• DATA EXTRACT:
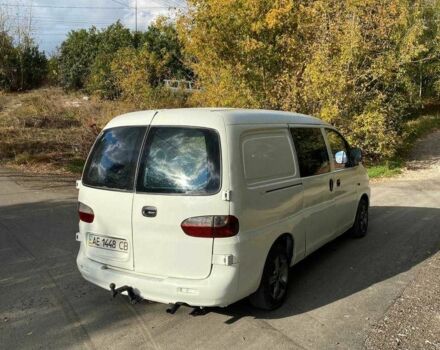 Белый Хендай Н1 (Старекс), объемом двигателя 2.5 л и пробегом 300 тыс. км за 3500 $, фото 19 на Automoto.ua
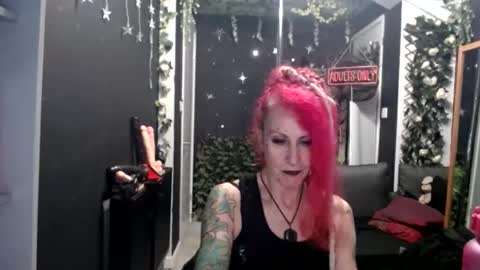 SaucySky online show from 17, 3, 2026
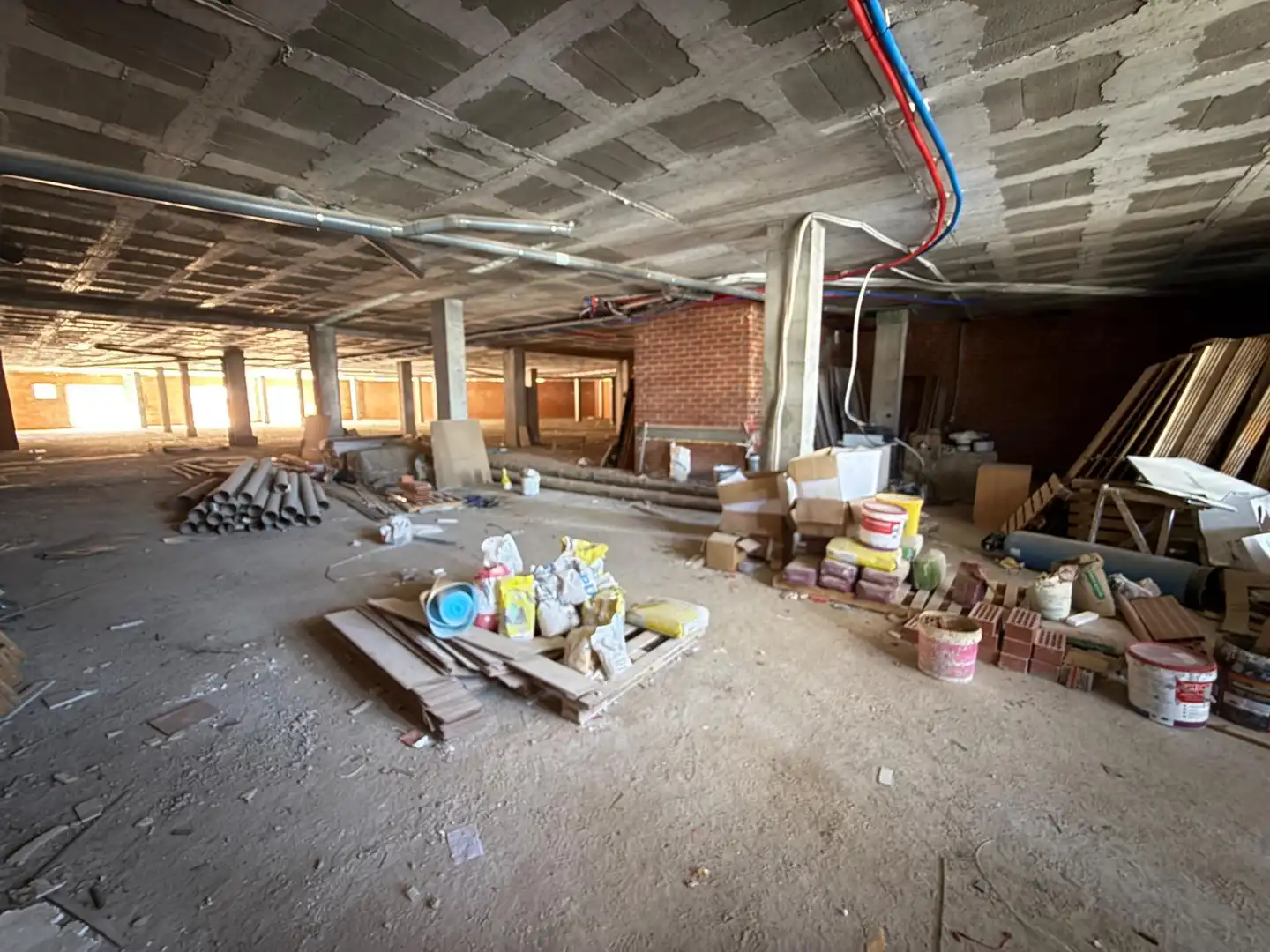 Local comercial en venda a Llevant, imagen 9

• YOUR GOAL: Strip out the pictures and quote the remaining data word for word.

• ANSWER BELOW:
 Белый Хендай Н1 (Старекс), объемом двигателя 2.5 л и пробегом 300 тыс. км за 3500 $, фото 19 на Automoto.ua
 SaucySky online show from 17, 3, 2026
 Local comercial en venda a Llevant, imagen 9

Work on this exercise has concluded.